Like all schools of the period it was one room with the teacher’s desk on a platform on one end very similar to the 1873 Cienega School. According to Clara Smith, a teacher in the district in 1886-1887, “a water bucket and tin dipper stood just inside the door…There was a bookcase on the left side of the door with 150 volumes many of which are above the ability of the children to read…The children sit in rows facing the teacher, whose chair and desk occupy a place on the platform at the other end of the room. To the right of the teacher stands a manikin which shows the relative position of the different organs of the human body. This is the nearest approach to the instruction in hygiene which the children will receive.”
In 1879 the little school was moved to the east bank of the Sespe just a little north of today’s railroad bridge where it served as both church and school.
The old school building was moved once again in late 1888 from the east bank of the Sespe to a location two lots south of Sespe St. on the east side of Central Ave where it served the Fillmore School District as an office.
By early 1889, the school district served enough children to split into 3 districts. They were the Sespe, San Cayetano, and Fillmore School Districts. The Sespe and San Cayetano districts built new buildings immediately, but the Fillmore district had to wait a bit for their new building.
With their old school moved to town and their new school being built, students attended the Cactus Flat School. Their parents loaned the boards for the temporary building but wanted them back uncut. So each board was numbered and eventually returned to the owner. The photo shows how irregular the building was. This little school was on the east bank of the Sespe north of Fifth Street and West of Goodenough Road, about where Candelaria and Catalano Streets are now in 2020.

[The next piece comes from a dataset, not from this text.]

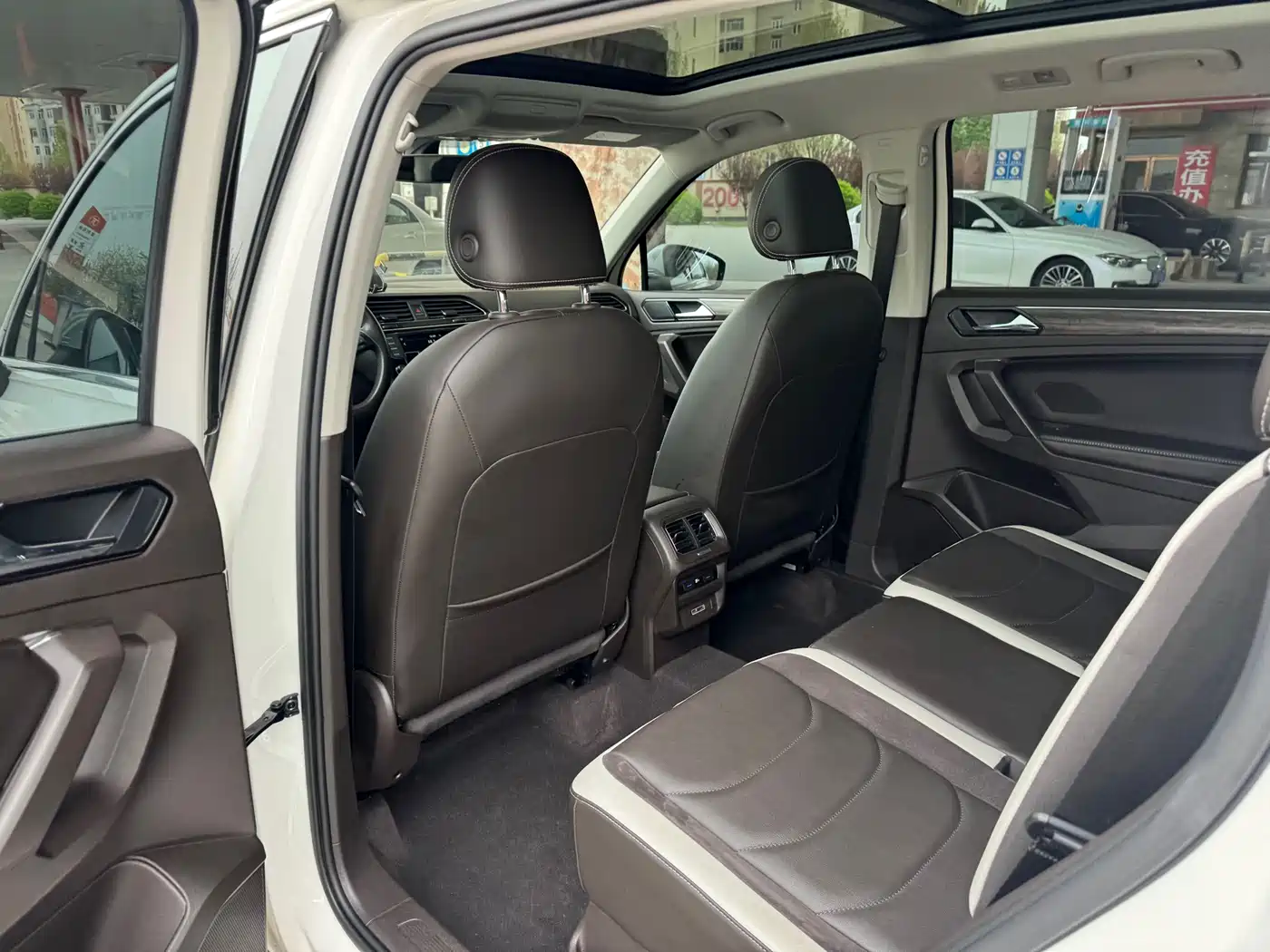 Volkswagen Tiguan L 2017 330TSI Automatic 2WD Luxury Edition фото 9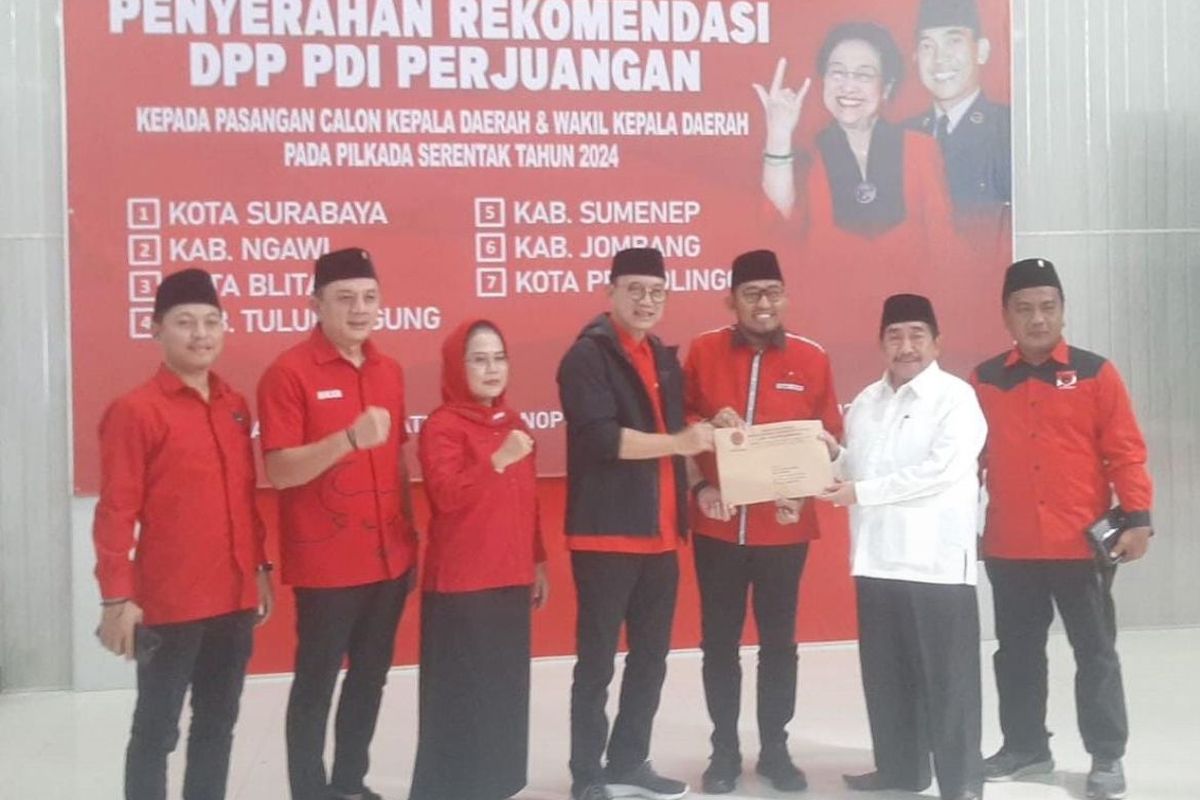 Surat rekomendasi DPP diberikan kepada Fauzi-Imam di Aula Megawati Soekarnoputri, Kantor DPD PDIP Jatim, Surabaya, Selasa (30/7/2024). Fauzi akan maju dalam Pilkada Sumenep.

In 1890, the children who lived on the east side of the Sespe moved to a brand new school located on the northwest corner of Sespe and Mountain View. It was used until 1909 when the larger Mountain View School was built on the east side of Mountain View between Main St. and Sespe.
In 1890, Dr. John Hinckley bought the old school building that Sprague built and moved it across Central Ave. to a lot on the northwest corner of Sespe and Central. He remodeled it, added a room, and used it as his office and Fillmore’s first drug store. He later sold the building to Owen Miller who turned it into a restaurant. Dr. Hinckley moved his office and home on the corner of Ventura St., now Hwy 23, and Central Ave.
Herky Villaseñor used the old school building briefly in the 1930s until he moved his tamale factory to Main and Clay St. In 1936, Mr. O.M Topley took over the restaurant intending to open a beer parlor but in May, 1936 the building was destroyed by fire.
This building represented 40 years of Fillmore’s pioneer history from its beginnings as an unnamed dusty spot in the road to a thriving farming community. By 1936 the community was well established with schools, churches, businesses and about 2,800 residents. Within two weeks of the fire, Clara Ida Sprague Sheldon, who had told the story of the old school to the newspaper, had died. Two years later in 1938, Hartley Sprague who rode to Ventura with his father to buy wood for the first school, also died. The pioneer period was ending.